* Your goal
An exact copy is needed of the lines in the entries below from the line with "I'm going to" up to and including the line with "Looking at thoracic", and of nothing else. Leave the pictures out.

* Raw data
================================

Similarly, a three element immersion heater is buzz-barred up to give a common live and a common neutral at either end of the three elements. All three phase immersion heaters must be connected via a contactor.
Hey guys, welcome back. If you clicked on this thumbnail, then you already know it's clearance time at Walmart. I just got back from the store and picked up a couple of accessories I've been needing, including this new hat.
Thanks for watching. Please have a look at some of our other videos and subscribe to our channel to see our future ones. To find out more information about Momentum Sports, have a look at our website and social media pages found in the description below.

================================

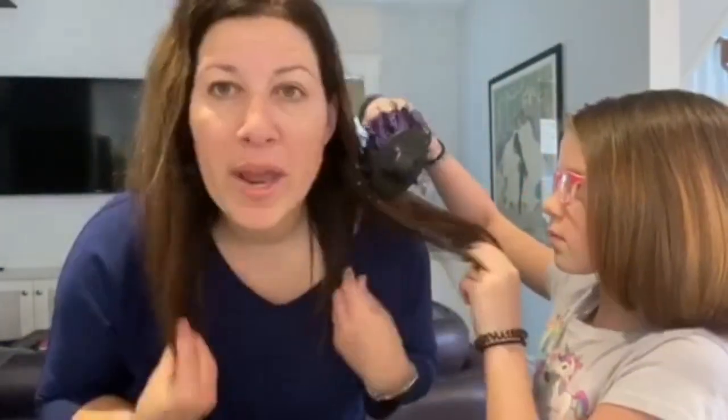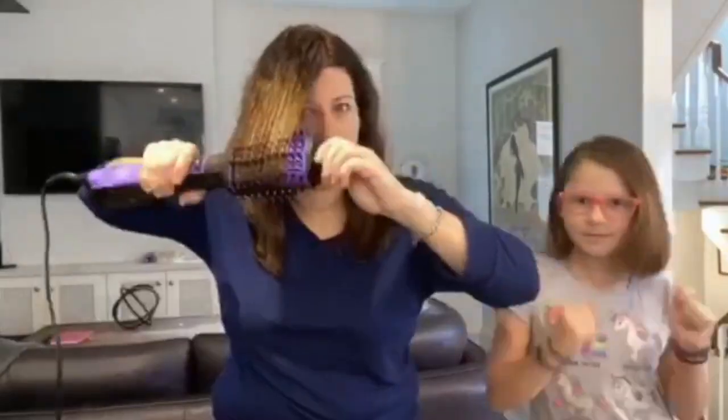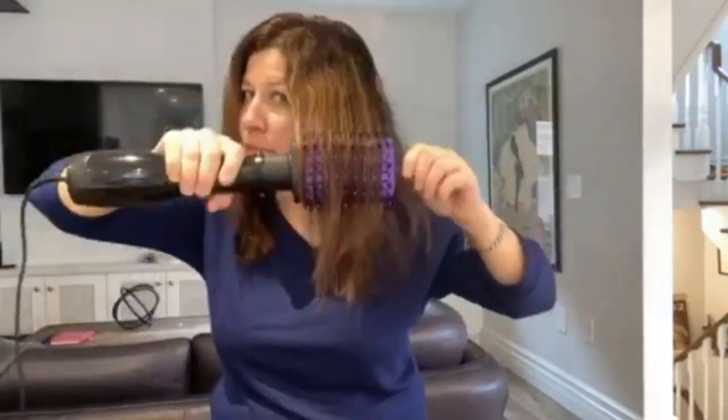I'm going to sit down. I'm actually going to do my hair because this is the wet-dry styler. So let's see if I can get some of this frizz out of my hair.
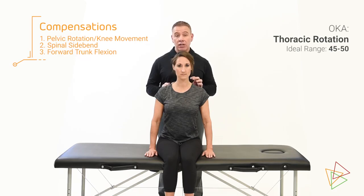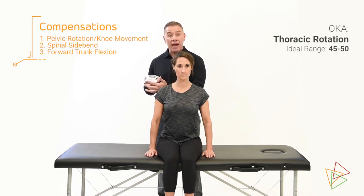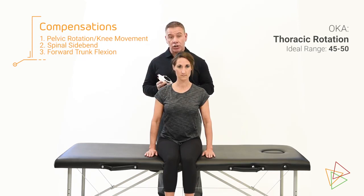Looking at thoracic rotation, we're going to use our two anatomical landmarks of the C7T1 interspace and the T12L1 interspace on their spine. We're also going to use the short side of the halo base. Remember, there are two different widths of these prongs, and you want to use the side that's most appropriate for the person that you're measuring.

================================

* Answer box
I'm going to sit down. I'm actually going to do my hair because this is the wet-dry styler. So let's see if I can get some of this frizz out of my hair.
Looking at thoracic rotation, we're going to use our two anatomical landmarks of the C7T1 interspace and the T12L1 interspace on their spine. We're also going to use the short side of the halo base. Remember, there are two different widths of these prongs, and you want to use the side that's most appropriate for the person that you're measuring.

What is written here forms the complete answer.